» WHAT TO DO: Once you find the line with "Pinko Piumino corto" in the data that follows, repeat it and every line after it exactly, through the line with "Lettore Musicale per".
Start of Block
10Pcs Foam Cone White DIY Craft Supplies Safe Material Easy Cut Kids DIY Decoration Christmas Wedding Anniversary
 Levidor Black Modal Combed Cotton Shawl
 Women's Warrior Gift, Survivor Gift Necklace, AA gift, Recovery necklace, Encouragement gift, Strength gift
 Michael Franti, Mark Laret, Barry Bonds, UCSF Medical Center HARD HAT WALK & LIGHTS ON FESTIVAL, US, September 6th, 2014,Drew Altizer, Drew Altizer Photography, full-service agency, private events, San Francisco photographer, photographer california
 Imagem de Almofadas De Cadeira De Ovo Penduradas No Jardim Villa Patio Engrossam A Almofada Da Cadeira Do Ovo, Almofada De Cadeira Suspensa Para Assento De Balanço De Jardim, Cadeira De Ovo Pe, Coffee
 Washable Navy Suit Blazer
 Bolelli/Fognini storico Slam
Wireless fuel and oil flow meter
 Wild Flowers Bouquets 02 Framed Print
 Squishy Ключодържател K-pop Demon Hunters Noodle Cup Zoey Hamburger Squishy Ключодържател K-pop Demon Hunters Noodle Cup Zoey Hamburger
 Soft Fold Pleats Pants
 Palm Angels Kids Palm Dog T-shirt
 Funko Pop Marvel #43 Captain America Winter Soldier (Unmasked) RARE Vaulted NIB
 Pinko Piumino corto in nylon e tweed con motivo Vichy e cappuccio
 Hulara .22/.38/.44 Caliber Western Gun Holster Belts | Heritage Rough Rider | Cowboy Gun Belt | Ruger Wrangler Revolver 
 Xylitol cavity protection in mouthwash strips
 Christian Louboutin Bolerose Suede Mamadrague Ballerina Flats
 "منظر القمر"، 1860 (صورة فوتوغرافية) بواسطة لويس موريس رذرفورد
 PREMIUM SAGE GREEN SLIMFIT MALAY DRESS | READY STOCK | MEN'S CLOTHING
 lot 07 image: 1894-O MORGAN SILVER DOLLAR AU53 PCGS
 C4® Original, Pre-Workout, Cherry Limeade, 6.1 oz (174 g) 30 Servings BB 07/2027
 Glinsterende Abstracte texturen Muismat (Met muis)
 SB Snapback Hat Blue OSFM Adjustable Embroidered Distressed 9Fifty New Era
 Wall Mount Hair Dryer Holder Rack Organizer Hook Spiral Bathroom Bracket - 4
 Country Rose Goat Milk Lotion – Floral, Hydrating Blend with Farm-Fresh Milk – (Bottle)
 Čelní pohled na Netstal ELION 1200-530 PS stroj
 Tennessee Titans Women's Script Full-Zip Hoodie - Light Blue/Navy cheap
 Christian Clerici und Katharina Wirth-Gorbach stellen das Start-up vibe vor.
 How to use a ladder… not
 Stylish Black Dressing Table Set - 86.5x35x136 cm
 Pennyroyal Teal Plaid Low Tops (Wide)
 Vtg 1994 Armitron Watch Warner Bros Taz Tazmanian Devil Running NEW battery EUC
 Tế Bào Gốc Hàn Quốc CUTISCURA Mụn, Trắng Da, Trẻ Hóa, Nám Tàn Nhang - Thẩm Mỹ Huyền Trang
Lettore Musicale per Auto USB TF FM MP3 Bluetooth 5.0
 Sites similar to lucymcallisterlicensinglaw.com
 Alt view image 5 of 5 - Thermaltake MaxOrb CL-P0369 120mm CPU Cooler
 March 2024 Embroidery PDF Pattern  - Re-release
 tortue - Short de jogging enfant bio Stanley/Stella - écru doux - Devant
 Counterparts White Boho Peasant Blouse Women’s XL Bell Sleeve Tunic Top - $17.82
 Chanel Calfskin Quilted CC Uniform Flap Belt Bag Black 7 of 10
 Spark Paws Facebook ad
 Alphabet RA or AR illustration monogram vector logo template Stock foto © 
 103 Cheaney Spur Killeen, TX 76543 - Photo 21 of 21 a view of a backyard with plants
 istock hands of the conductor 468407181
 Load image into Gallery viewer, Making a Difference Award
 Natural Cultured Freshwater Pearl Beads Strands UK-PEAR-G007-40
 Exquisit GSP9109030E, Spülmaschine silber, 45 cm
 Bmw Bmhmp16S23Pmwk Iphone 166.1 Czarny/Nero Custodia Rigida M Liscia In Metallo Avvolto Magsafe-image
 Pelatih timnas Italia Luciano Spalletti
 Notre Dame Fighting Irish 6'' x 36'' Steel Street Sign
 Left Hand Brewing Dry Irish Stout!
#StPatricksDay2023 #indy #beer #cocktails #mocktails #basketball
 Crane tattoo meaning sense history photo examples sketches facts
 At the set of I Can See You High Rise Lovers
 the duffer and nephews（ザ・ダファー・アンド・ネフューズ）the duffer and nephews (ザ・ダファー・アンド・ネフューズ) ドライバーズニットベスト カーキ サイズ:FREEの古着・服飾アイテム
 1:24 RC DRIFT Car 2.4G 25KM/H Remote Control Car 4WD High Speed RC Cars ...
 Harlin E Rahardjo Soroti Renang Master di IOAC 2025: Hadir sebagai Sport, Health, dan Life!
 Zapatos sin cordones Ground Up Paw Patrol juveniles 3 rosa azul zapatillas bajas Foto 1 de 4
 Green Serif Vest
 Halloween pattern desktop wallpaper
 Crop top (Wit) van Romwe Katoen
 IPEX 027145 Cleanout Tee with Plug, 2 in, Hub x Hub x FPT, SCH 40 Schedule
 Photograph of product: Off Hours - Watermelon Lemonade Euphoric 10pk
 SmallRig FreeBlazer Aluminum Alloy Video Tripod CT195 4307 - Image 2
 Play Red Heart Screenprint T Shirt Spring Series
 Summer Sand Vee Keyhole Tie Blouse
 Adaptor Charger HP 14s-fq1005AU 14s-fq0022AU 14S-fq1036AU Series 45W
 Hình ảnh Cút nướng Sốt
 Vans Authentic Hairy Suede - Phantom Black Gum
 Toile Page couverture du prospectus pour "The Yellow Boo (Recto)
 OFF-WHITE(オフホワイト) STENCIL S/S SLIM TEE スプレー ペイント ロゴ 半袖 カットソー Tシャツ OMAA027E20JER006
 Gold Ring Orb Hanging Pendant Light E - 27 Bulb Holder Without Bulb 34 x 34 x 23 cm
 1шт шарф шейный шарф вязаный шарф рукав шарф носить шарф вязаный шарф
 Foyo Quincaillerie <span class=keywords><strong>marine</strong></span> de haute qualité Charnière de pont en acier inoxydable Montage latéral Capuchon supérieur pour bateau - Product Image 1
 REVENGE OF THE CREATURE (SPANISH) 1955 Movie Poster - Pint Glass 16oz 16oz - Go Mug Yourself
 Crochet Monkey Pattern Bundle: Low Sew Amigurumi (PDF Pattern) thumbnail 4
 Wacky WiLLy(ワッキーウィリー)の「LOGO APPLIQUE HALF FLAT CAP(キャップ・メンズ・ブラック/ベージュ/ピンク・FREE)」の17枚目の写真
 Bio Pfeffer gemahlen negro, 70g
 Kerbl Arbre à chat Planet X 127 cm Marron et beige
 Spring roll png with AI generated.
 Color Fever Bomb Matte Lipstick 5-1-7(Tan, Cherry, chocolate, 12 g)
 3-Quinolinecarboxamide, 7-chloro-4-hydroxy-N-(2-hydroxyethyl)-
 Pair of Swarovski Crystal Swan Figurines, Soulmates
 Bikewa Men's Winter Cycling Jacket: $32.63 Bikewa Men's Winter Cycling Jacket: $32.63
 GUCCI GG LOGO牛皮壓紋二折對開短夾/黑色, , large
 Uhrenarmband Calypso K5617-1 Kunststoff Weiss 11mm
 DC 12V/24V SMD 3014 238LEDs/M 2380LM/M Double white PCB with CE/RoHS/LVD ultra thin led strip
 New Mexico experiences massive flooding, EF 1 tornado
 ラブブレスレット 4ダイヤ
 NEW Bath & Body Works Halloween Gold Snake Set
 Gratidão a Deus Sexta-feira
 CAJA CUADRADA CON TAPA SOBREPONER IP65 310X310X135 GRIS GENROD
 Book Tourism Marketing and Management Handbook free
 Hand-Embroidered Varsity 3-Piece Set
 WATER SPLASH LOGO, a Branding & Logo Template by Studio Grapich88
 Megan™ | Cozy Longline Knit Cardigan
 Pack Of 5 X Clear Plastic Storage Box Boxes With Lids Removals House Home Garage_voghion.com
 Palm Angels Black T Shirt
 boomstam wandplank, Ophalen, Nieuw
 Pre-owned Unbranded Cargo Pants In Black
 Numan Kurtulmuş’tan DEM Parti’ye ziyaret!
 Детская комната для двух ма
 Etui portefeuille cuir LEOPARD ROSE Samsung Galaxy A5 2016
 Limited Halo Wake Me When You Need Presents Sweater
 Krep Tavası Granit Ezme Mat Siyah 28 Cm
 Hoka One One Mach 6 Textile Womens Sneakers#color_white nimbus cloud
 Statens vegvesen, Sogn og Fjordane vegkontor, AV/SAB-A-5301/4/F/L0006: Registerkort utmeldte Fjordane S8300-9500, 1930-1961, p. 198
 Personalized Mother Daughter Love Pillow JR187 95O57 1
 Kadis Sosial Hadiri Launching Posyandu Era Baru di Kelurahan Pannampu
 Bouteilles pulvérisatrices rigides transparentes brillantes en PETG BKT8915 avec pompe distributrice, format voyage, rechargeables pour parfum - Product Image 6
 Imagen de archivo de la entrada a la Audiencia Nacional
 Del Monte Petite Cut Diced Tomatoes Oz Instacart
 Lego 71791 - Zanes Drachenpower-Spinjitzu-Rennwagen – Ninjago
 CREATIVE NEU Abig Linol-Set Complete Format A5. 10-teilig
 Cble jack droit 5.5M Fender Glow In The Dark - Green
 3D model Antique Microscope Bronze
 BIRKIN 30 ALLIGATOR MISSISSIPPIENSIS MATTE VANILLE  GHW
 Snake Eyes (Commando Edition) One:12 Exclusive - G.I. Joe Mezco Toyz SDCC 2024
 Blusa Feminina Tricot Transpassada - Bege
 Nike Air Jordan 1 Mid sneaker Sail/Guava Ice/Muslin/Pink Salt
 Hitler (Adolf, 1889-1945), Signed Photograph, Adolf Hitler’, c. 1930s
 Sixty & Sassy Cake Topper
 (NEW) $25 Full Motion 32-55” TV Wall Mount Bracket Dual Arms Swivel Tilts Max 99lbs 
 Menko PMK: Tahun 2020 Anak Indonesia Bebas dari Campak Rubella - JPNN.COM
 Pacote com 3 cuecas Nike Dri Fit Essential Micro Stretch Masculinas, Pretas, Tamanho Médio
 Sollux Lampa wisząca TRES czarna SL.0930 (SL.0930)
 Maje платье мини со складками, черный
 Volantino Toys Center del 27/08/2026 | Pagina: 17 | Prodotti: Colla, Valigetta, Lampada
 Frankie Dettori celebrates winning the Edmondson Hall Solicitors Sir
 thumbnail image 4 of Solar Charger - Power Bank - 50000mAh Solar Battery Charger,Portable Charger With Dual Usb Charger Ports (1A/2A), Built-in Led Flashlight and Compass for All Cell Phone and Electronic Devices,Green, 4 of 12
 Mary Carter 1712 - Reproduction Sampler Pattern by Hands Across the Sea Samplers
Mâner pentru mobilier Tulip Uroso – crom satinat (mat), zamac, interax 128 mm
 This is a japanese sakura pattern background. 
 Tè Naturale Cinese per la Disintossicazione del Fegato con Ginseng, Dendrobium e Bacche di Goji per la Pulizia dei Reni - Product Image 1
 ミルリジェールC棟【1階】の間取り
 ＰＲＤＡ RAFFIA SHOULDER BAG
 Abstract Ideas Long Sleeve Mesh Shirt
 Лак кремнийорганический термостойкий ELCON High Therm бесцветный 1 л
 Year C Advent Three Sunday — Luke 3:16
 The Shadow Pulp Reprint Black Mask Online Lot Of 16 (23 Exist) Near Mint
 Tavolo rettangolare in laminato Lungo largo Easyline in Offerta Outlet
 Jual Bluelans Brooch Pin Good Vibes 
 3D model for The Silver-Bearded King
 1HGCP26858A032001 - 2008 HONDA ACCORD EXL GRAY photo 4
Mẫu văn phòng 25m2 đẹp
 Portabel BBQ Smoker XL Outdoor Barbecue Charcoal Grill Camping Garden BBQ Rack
End of Block
» TASK ANSWER:
 Pinko Piumino corto in nylon e tweed con motivo Vichy e cappuccio
 Hulara .22/.38/.44 Caliber Western Gun Holster Belts | Heritage Rough Rider | Cowboy Gun Belt | Ruger Wrangler Revolver 
 Xylitol cavity protection in mouthwash strips
 Christian Louboutin Bolerose Suede Mamadrague Ballerina Flats
 "منظر القمر"، 1860 (صورة فوتوغرافية) بواسطة لويس موريس رذرفورد
 PREMIUM SAGE GREEN SLIMFIT MALAY DRESS | READY STOCK | MEN'S CLOTHING
 lot 07 image: 1894-O MORGAN SILVER DOLLAR AU53 PCGS
 C4® Original, Pre-Workout, Cherry Limeade, 6.1 oz (174 g) 30 Servings BB 07/2027
 Glinsterende Abstracte texturen Muismat (Met muis)
 SB Snapback Hat Blue OSFM Adjustable Embroidered Distressed 9Fifty New Era
 Wall Mount Hair Dryer Holder Rack Organizer Hook Spiral Bathroom Bracket - 4
 Country Rose Goat Milk Lotion – Floral, Hydrating Blend with Farm-Fresh Milk – (Bottle)
 Čelní pohled na Netstal ELION 1200-530 PS stroj
 Tennessee Titans Women's Script Full-Zip Hoodie - Light Blue/Navy cheap
 Christian Clerici und Katharina Wirth-Gorbach stellen das Start-up vibe vor.
 How to use a ladder… not
 Stylish Black Dressing Table Set - 86.5x35x136 cm
 Pennyroyal Teal Plaid Low Tops (Wide)
 Vtg 1994 Armitron Watch Warner Bros Taz Tazmanian Devil Running NEW battery EUC
 Tế Bào Gốc Hàn Quốc CUTISCURA Mụn, Trắng Da, Trẻ Hóa, Nám Tàn Nhang - Thẩm Mỹ Huyền Trang
Lettore Musicale per Auto USB TF FM MP3 Bluetooth 5.0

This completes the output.